Perhaps you are a wonderful guy - we know you dont beat your kids - but in the corporal punishment thread and now in the this thread you have said some pretty silly things. 

But it is you sir who launched an ad hominem attack against the "morons" (a list that includes Gorbachev, Thatcher, Kohl, JP2, Walesa, Havel, myself and many other members of this forum)who don't subscribe to your less than insightful analysis. I once again invite you to ask Cold War residents of the Fulda Gap about Pax Americana.

So again here's hoping Santa brings you a clue.

Karl


----------



## Wayfarer (Mar 19, 2006)

No Karl, an _ad hom_ is the tactic of last resort...when it is premature. So when it is last, it is premature, but if used intelligently, you are a Dem. So you vote for the War before you vote against the War and then try a reformulation as an _ad hoc_ rescue to cover what you think is a straw man.

Got it?


----------



## crs (Dec 30, 2004)

I am optimistic this will be a great country again, and that it will regain the world's respect, although not universally because we never had that. How long did it take Japan to recover from its stigma as a force of evil? We can undo this, too.


----------



## Karl89 (Feb 20, 2005)

Crs,

FrankDC owes you big. With your above post I think you have an insurmountable lead as silliest poster of the year. Congrats!

FYI:

This still is a great country.

And whatever mistakes you think the US has made in Iraq and its war against terrorism they hardly compare to the Japanese record during World War Two. I would suggest you take a look at Iris Chang's The Rape of Nanking (for starters) so that your avoid such mistakes in the future.

Karl


----------



## crs (Dec 30, 2004)

Karl89 said:


> Crs,
> 
> FrankDC owes you big. With your above post I think you have an insurmountable lead as silliest poster of the year. Congrats!


Where did I insult you or even mention you, you horse's patootie?

You know that thread you started about choosing an NYC restaurant to dine with friends? My immediate thought was, no way this Karl has friends. Hostages, maybe. Friends, I doubt it.


----------



## Karl89 (Feb 20, 2005)

Crs,

Just another thing you are wrong about but that's not a surprise, is it? 

Karl


----------



## crs (Dec 30, 2004)

People with zero social skills, such as you, tend to live lonely lives.


----------



## Karl89 (Feb 20, 2005)

Crs,

If you want to insult me then fair enough but try and insult me in a way that bears a remote relationship to the truth. One shudders to think of the inaccuracies in your "objective" work over the years.

Karl


----------



## JDC (Dec 2, 2006)

It's a riot watching the same sheeple falling for the same Pentagon scam over and over and over again since WWII. Let's recall, shall we? Korea, McCarthyism, the Domino Theory, Vietnam, Panamanian War Lords, Nicaraguan rebels, Kosovo, and the current Threat du Jour is a few dozen Arab boobs with box cutters.

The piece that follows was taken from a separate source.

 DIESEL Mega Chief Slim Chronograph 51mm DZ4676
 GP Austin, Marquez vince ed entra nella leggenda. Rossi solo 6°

Look people, al Qaeda can't destroy our way of life. Our own government can.


----------



## crs (Dec 30, 2004)

I observe your interactions here and find it hard to believe you are only an ass when you type on a computer. Unless it is only your fingers possessed by evil spirits.


----------



## Karl89 (Feb 20, 2005)

FrankDC,

Amazing! You have topped the lunacy of Crs! Strong work indeed. 

Karl


----------



## hopkins_student (Jun 25, 2004)

FrankDC said:


> It's a riot watching the same *sheeple* falling for the same Pentagon scam over and over and over again since WWII.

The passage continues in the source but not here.